Basically all "top level" classes should have includedInDataset property (like Protein) while classes which exists only as nested properties should not have it (like SequenceAnnotation or SequenceRange). I believe that we don't have an automatic way of identifying top level classes from nested ones...

gtsueng commented 1 year ago

For profiles based on Schema.org types like ComputationalTool (based on schema:SoftwareApplication) -- this would mean adding a new property to a profile that is not available in the type, correct? At what point do we consider creating a new type? ComputationalTool already has input and output which are not in schema:SoftwareApplication. Should we be pushing these new properties to schema.org?

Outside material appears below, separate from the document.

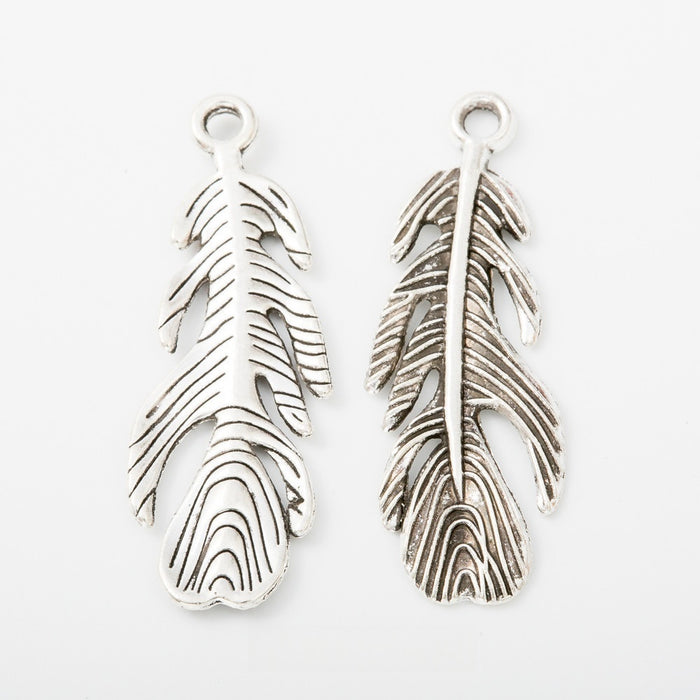 Antique Silver Zinc Alloy Feather Leaf Charm Pendant for DIY Necklace Bracelet Jewelry Making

ljgarcia commented 1 year ago

@gtsueng for anything new in schema.org we will have to prove that there are consumers and not only providers. By now, new properties will have to live in the Bioschemas context, same as schema.org properties with new usage will not be parsed (by search engines) but will not give troubles (it will be a warning rather than an error). @albangaignard they still should be considered for Bioschemas validation.

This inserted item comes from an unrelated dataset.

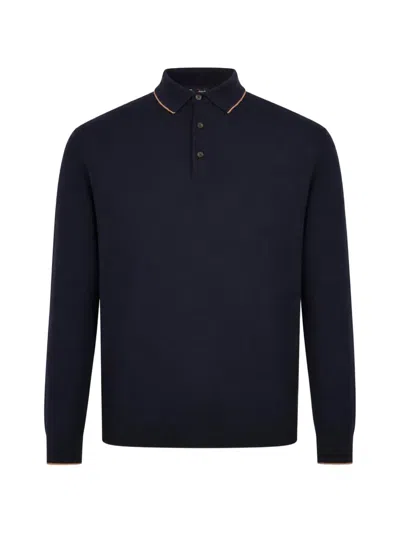 Kiton Long-sleeve Polo Shirt In Blue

@ivanmicetic will you take care of updating the profiles? If no objections, I would delay and join updates with DefineTerm. We worked on list with @nsjuty . I will update that list in the corresponding issue https://github.com/BioSchemas/specifications/discussions/618#discussioncomment-5947631

ljgarcia commented 1 year ago

@ivanmicetic will you take care of updating the profiles together with DefinedTerm? List of profiles and properties that could benefit from DefinedTerm at https://github.com/BioSchemas/specifications/discussions/618#discussioncomment-5947631 I would suggest to updated first properties from schema.org as some properties now have DefinedTerm and we have not updated them. Please double check which profiles are modifying the range for any property (we need an automatic way to do this, updating from schema.org and keeping customizations put in place in Bioschemas but not sure if we want to delay this issue). Thanks.